In Larry Brown’s brilliant novel Dirty Work, the protagonist, Walter James, shares a dozen anecdotes that reveal the violence from his past. The bloodshed starts early. As a first grader, he gets his nose smacked and his grape Nehi stolen by the class bully. Walter doesn’t fight back. He goes home to his mother seeking sympathy. Instead, she tells him this:
If you don’t take up for yourself in this world, there ain’t nobody else that will. If you let him run over you once, he’s gonna run over you again. The next time he sees you, he’s gonna run over you again. Cause now he knows he can. So you got to teach him right now he can’t. Either now or the next time, it don’t matter. Is he bigger than you?. . .Well, I guess you gonna have to just pick you up a stick, ain’t you?

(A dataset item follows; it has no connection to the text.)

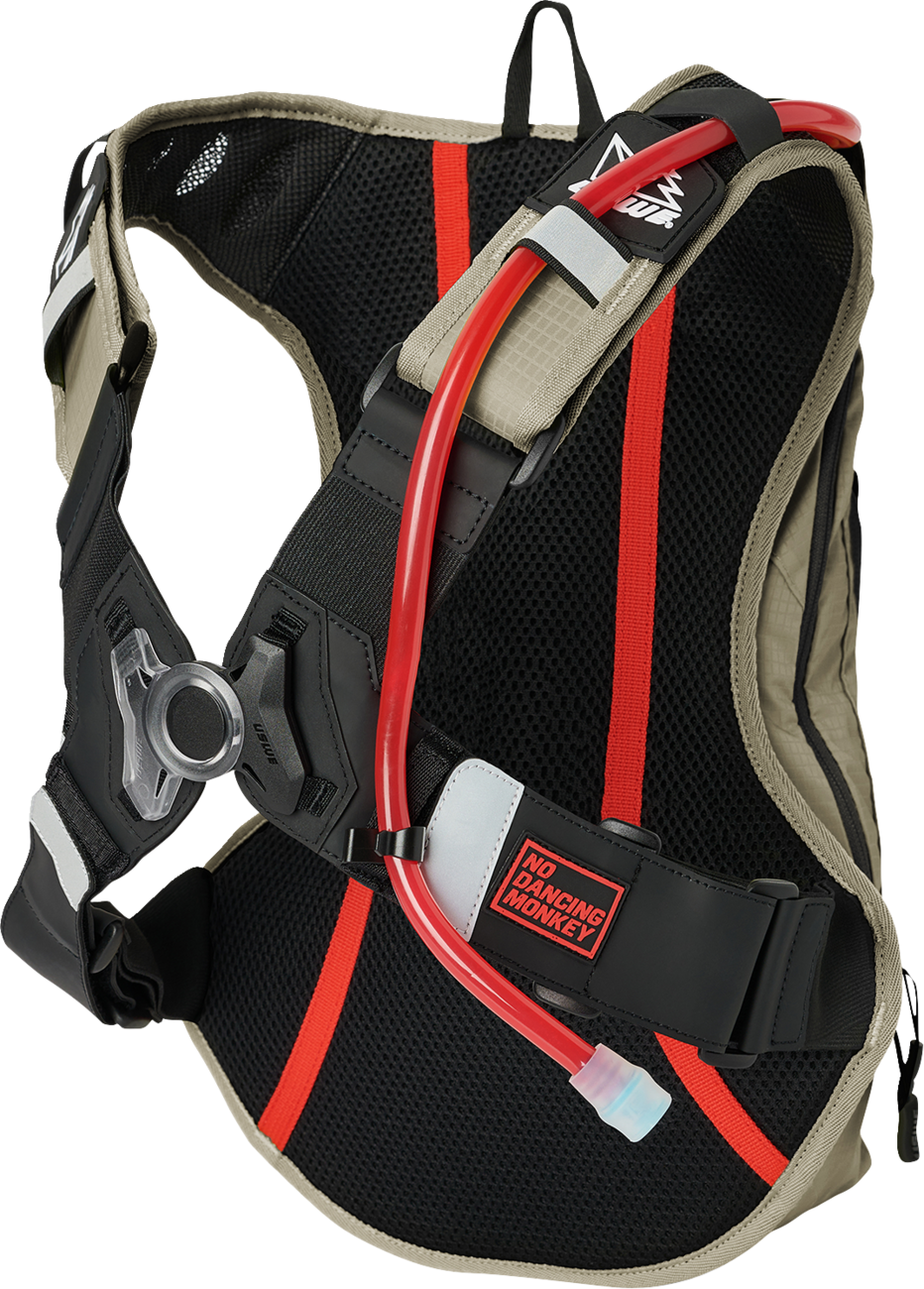 F2EEBC8B-F38B-4776-A597-5895D2B95227 Uswe - Outlander Hydration Pack - 9L - Sand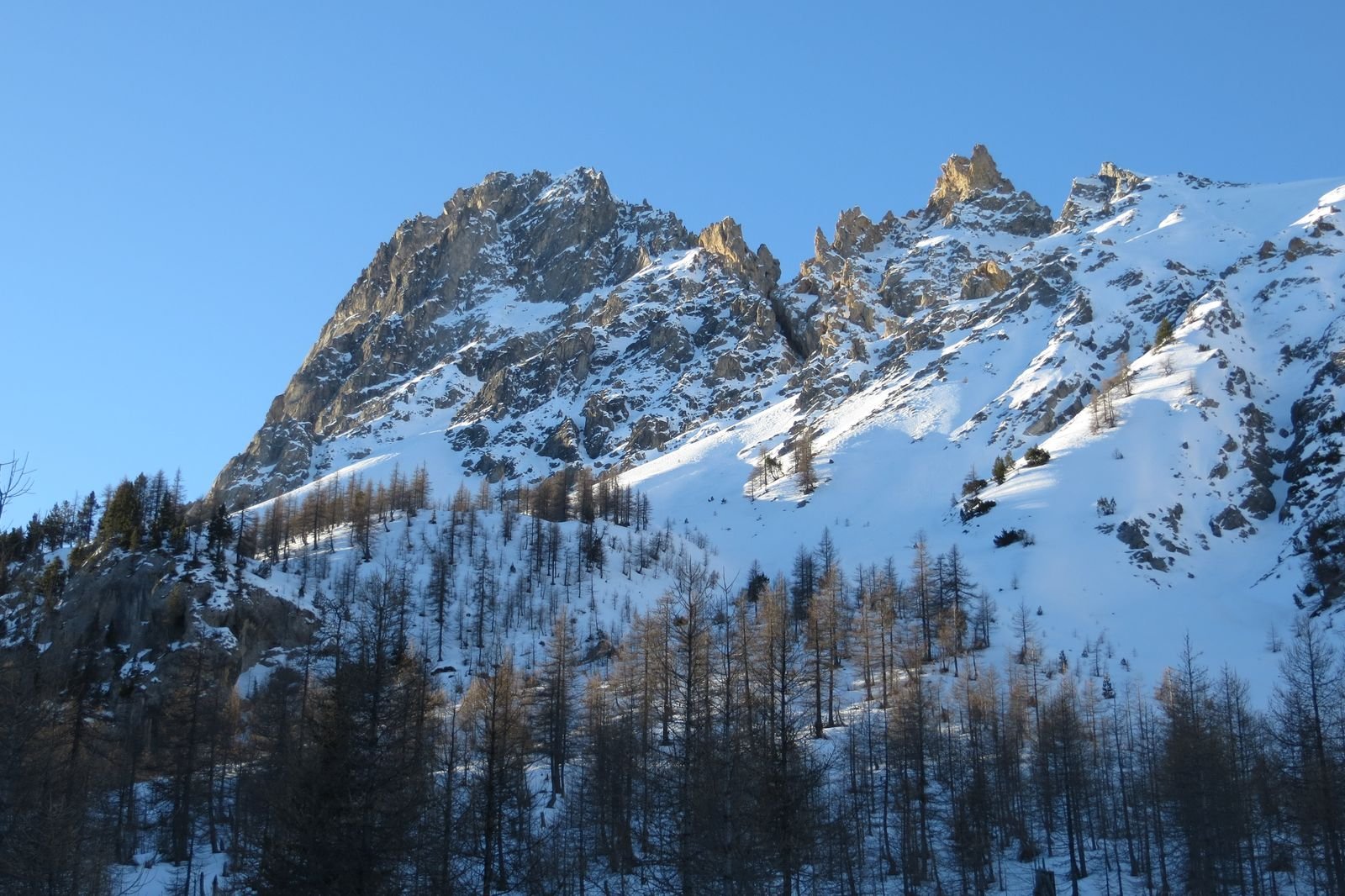 al centro la fessura del canale da risalire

Mississippi parents still tell their kids things like this all the time. “You better not start a fight at school, but if somebody starts a fight with you, I expect you to finish it.” We tend not to want our children to have to rely on systems we don’t entirely trust to protect themselves. (Whether this is a stronger indictment of education or the law is hard to tell.)
While discussing this passage in class, students expressed varying levels of tolerance for bullying. Some students agreed absolutely with the mother. In light of yesterday’s school shooting in Colorado, it seems easy to wish for playground fights rather than active shooter emergencies. Of course, that’s a false dichotomy borne of nostalgia. The broader issue seems to be this: in a society that’s saturated with violence, how do we encourage children to stand up for themselves?